Anyway, we’re introduced to Gerry and Cookie Fleck (Eugene Levy and Catherine O’Hara), who have the Norwich Terrier Winky; Meg and Hamilton Swan (Parker Posey and Michael Hitchcock), who have the Weimaraner Beatrice; Harlan Pepper (Christopher Guest) who has the Bloodhound Hubert; Sherri Ann and Leslie Ward Cabot, and trainer/handler Christy Cummings (Jennifer Coolidge, Patrick Cranshaw, and Jane Lynch), who have the Standard Poodle Rhapsody in White; and Scott Donlan and Stefan Vanderhoof (John Michael Higgins and Michael McKean), who have the Shih Tzu Miss Agnes. It’s an understatement to say that each of these characters is, well, a character. They are all absolutely hilarious. Gerry Fleck is a super-nerd who literally has two left feet. Cookie was quite a playgirl in her former life, and so she’s continually recognized by men wherever she goes. Meg and Hamilton Swan are neurotic J. Crew-wearing snobs whose dog has emotional issues. Harlan Pepper is a country bumpkin who moonlights as a ventriloquist. Sherri Ann Cabot is a gaudy-dressed socialite who has a secret relationship with Christy Cummings. And Scott Donlan and Stefan Vanderhoof are a stereotypically gay couple whose witty quips will have you rolling on the floor laughing.

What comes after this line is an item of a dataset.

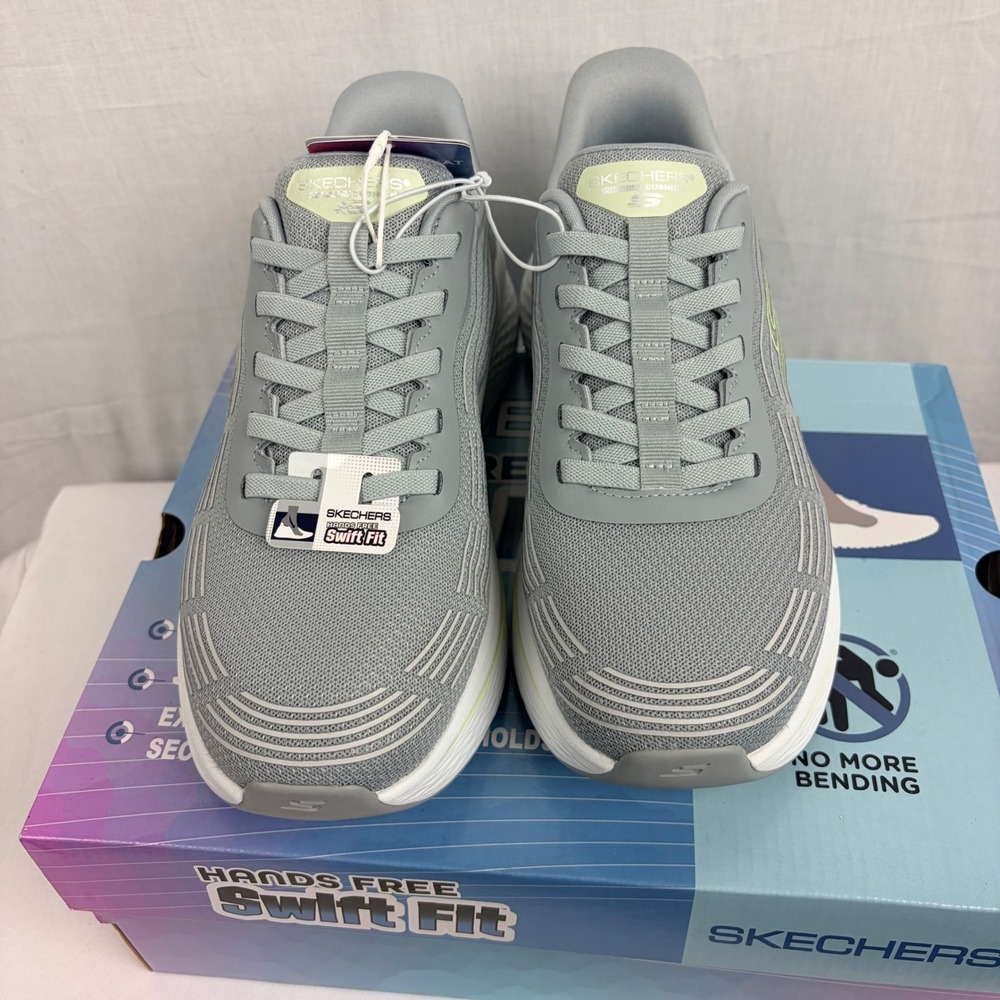 Skechers Hands Free Swift Fit Gray Lime Green Women Sneakers 179313S Size 10 - Picture 4 of 8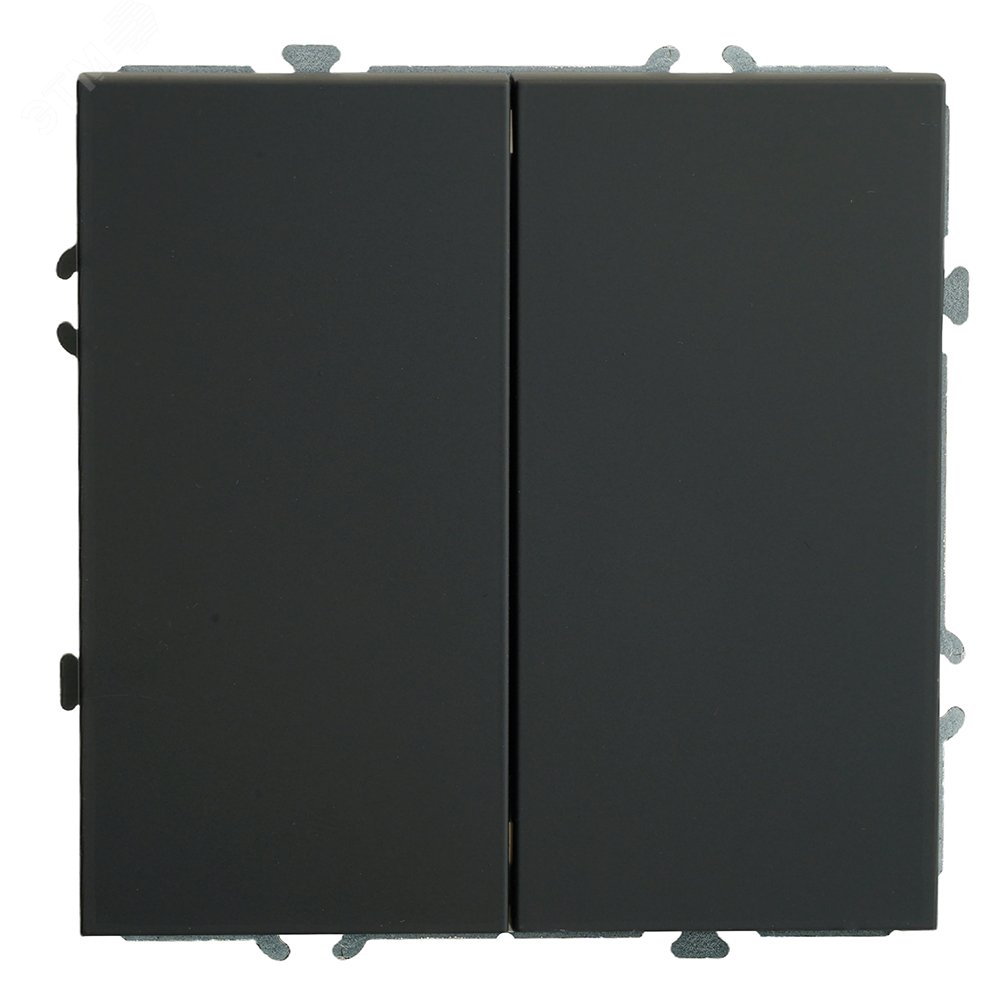 Изображение товара Переключатель 2-клавишный механический серия Эмили 250В 10А черный soft touch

As mentioned, the film follows each of the characters in the days leading up to the Mayflower Kennel Club Dog Show. Stress levels are high and tempers are flaring. The Flecks seem to be having the worst of luck, and no one takes Harlan seriously. As preparations fall into place and the show opens, we meet our also hilarious commentator team, dog expert Trevor Beckwith (Jim Piddock) and the totally out-of-touch Buck Laughlin (Fred Willard). Most of the dogs actually make it to the finals of the competition, but I won’t tell you who wins. You’ll have to watch to find out. Let’s just say that the competition is heated not everyone makes it out unscathed.

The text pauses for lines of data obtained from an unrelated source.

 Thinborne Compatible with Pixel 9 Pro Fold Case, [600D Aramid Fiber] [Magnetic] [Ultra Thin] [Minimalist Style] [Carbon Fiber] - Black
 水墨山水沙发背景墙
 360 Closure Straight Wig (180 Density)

This is one of your more unique movies out there. It’s a true mockumentary--filmed documentary-style but with a fictional script. The movie alternates between shots of the action and sit-down interviews with the characters. Both are pretty funny. The entire movie features well-written dialogue that does not feel staged but is also outrageously funny. Guest and co-writer Levy have taken the time to also weave in awkward, yet authentic scenarios that add to the levity of the film. What we get to see is genuine, somewhat realistic, entertaining, and well-composed.

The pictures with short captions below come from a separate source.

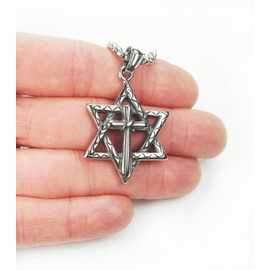 Cross in Star of David Necklace, Pendant on 24" Box Chain, Waterproof Stainless Steel Jewish Christian Gift Messianic Judaism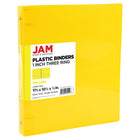 JAM Paper Plastic 1" 3-Ring Binder - Yellow-Colour: Yellow | Be stylish and organized with colourful binders.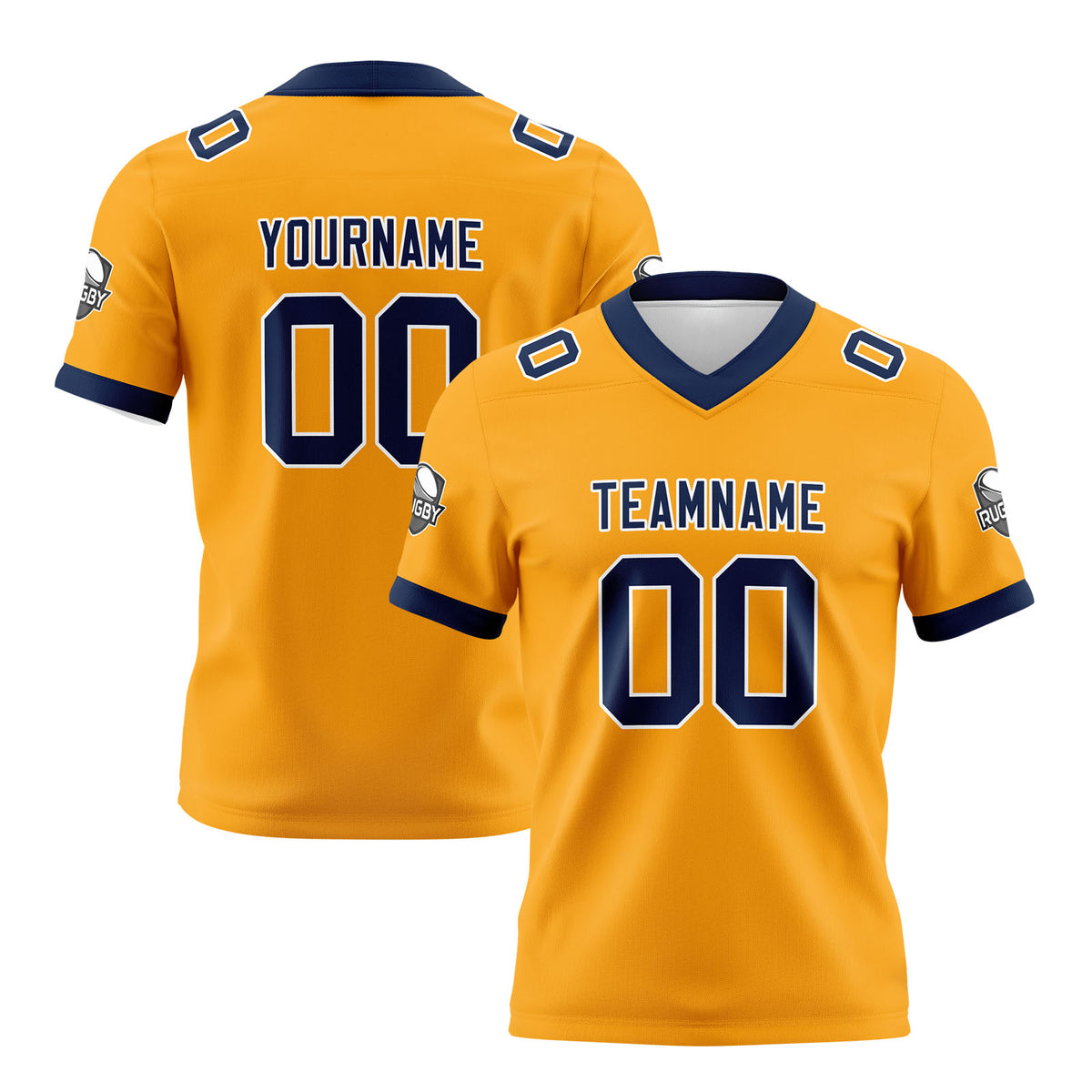 Benutzerdefinierte Gelb Blau Fußball Trikots Personalisierter Name Nummer Logo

The production value is about right for the nature of the film. There’s no need for any crazy special effects or the like--this is just a movie about following around a bunch of people and their high-maintenance dogs. Although the film is now, gasp, 15 years old, I don’t think it really feels that way. It has aged well, and is still just as funny and fresh as it was when it was first released. The acting is also great in this movie. All of those involved are veterans and it comes through that way. They embody their characters in such a way that the viewer can actually believe that they ARE those characters. I get the sense that they may have ad libbed some of their lines, as they feel so natural and in-the-moment.
I had the privilege of watching this movie again with my family during a recent vacation. Do yourself a favor and check it out sometime. It’s a lot of fun and really is genuinely funny. Best in Show is easy to watch and will go by like a breeze.